Further efforts are required in order to address adequately the sexual violence that occurred during the armed conflicts of the 1990s.

Regarding regional cooperation, the EC expects more intense efforts from all Western Balkans countries, in order to ensure their effective support for the fight against impunity.

Lack of cooperation with ICTY

Serbia did not cooperate with the International Criminal Tribunal for the former Yugoslavia (ICTY) in the execution of a binding order to extradite three members of the Serbian Radical Party for charges of contempt of court. Serbia is expected to cooperate fully with the ICTY’s successor, the Mechanism for International Criminal Tribunals.

Victims’ Rights

The legal framework granting social benefits to a restricted number of war crimes victims has not been amended (The Law on Civilian Invalids of War). The UN Human Rights Committee and the Commissioner for Human Rights of the Council of Europe have expressed concerns as to the discriminatory nature of this law.

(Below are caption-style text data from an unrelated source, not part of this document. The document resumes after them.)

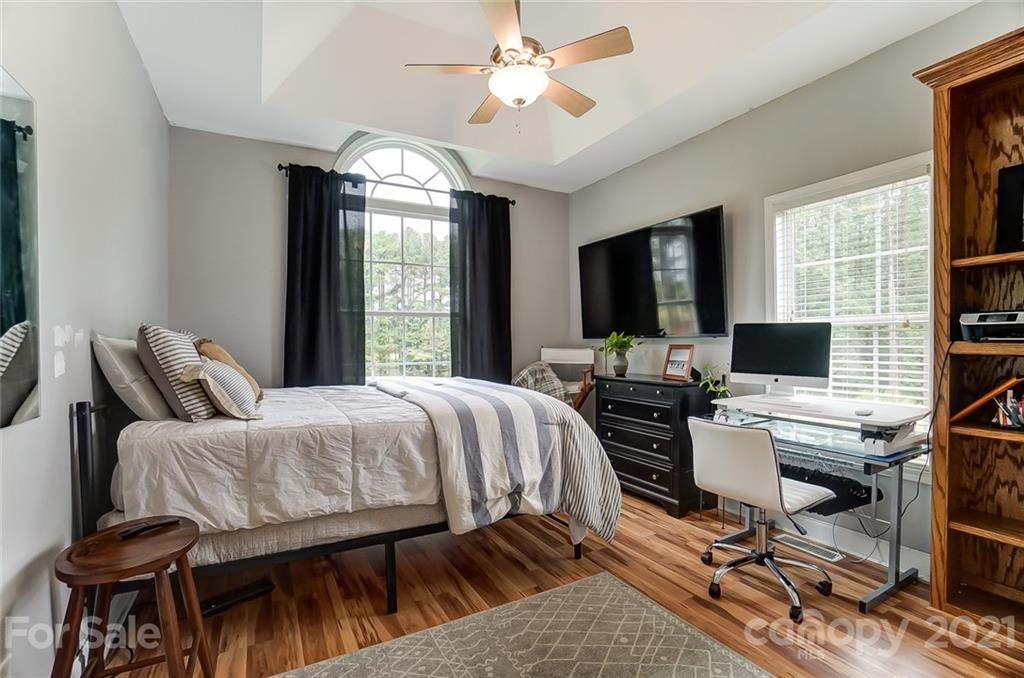 9180 Meadowood Road Mount Pleasant, NC 28124 - Photo 29 of 37 a bedroom with a bed and a flat screen tv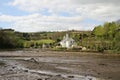 Southpool creek with houses and hilly fields in Devon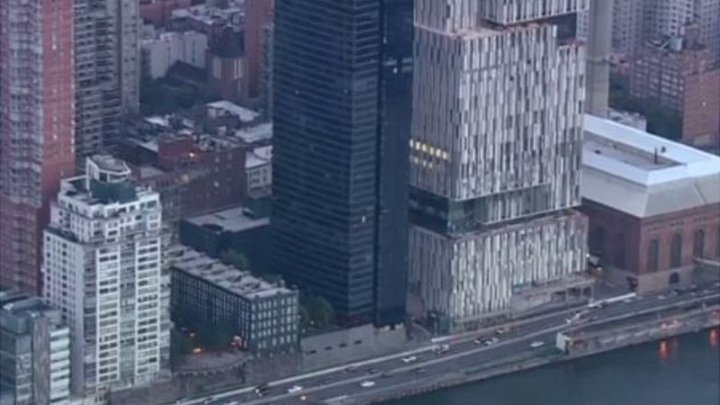 NY police investigates incidents in which gunshots were fired at a luxury apartment building in Manhattan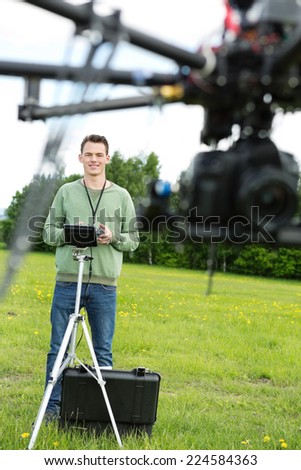 Young male engineer flying UAV octocopter with remote control in park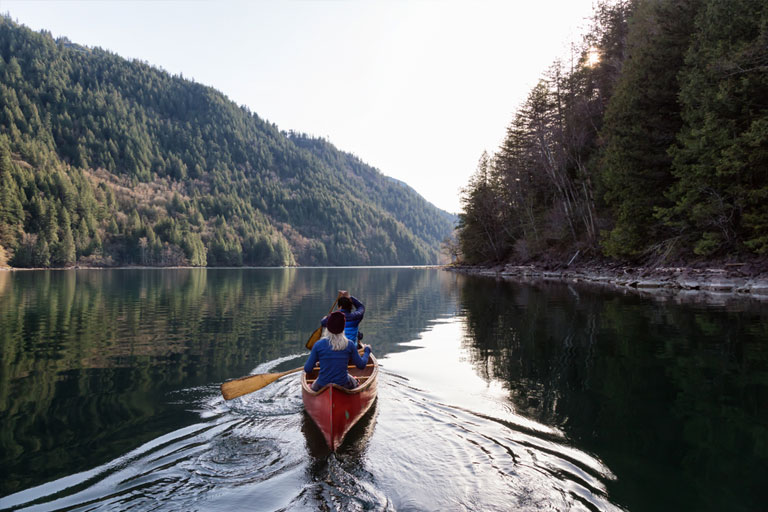 Friends enjoying canoeing in Canada.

Access to justice is hindered by lack of a law on free legal aid, as well as by inefficient procedures for awarding compensation through civil proceedings.

Determining fate of missing persons

The unresolved fate of missing persons who disappeared in the conflicts of the 1990s remains a humanitarian concern. In March 2018, a total of 10,332 people were still missing in the region: 6,675 cases are related to the conflict in Bosnia and Herzegovina, 2,057 to the conflict in Croatia, and 1,658 to the conflict in Kosovo.

The lack of information on gravesites and difficulties in identifying the human remains exhumed so far, continue to be the key obstacles to solving the remaining cases of missing persons in the region.

Internally displaced persons

As of July 2017, there were 201,047 internally displaced persons (IDPs) in Serbia. Measures taken to solve the problems of IDPs remain slow and limited. The law on permanent and temporary residence, which allows people to apply for residence at social welfare centres, needs to be implemented more consistently.

Five collective centers with 108 IDPs are gradually closing. Roma remain the most marginalised and vulnerable among the IDPs.